▶ _Record excerpts_:
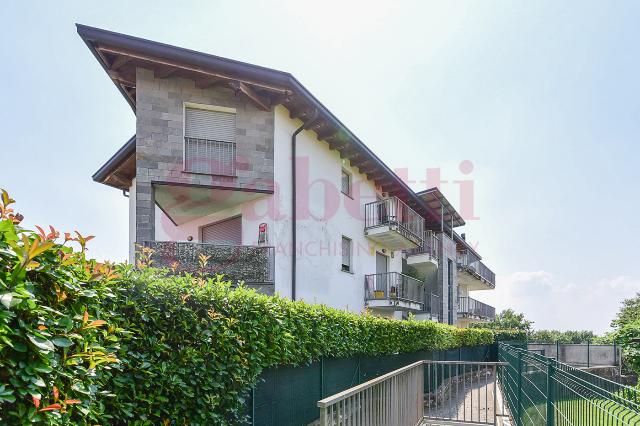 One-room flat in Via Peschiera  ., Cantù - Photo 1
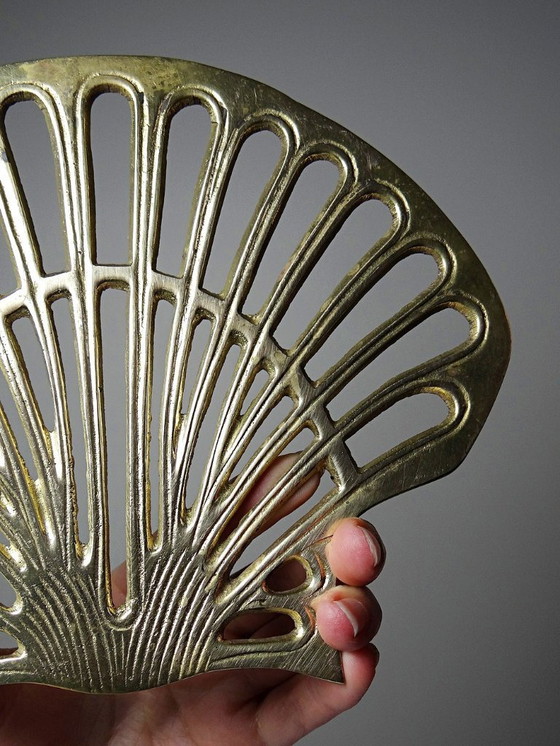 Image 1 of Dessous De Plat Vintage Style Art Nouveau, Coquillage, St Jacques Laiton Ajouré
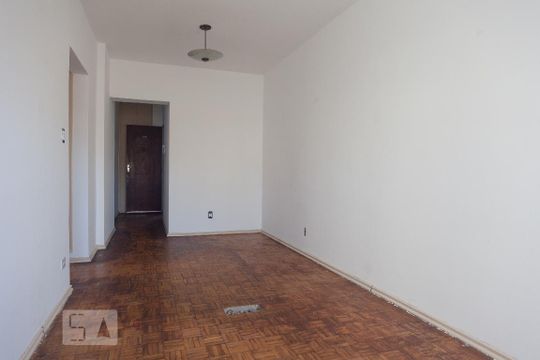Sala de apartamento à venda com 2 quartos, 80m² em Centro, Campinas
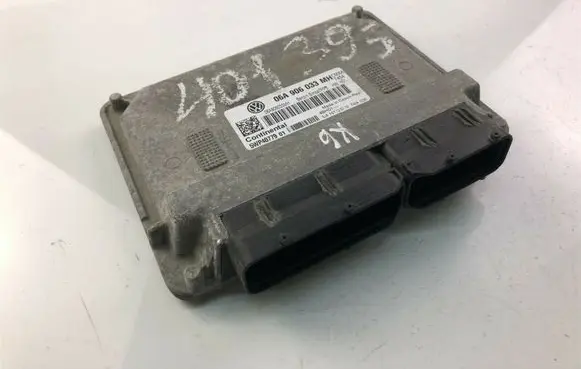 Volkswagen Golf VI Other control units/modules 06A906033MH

--

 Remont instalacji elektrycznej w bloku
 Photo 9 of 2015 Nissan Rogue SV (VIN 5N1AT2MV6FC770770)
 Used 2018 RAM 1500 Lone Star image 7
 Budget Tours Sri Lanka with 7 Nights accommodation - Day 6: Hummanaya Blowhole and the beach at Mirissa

▶ _Task requirements_: The expected output is the lines above from the one containing "One-room flat in" to the one containing "Volkswagen Golf VI", both ends included, reproduced exactly with every picture left out.

▶ _Written solution_:
 One-room flat in Via Peschiera  ., Cantù - Photo 1
 Image 1 of Dessous De Plat Vintage Style Art Nouveau, Coquillage, St Jacques Laiton Ajouré
Sala de apartamento à venda com 2 quartos, 80m² em Centro, Campinas
 Volkswagen Golf VI Other control units/modules 06A906033MH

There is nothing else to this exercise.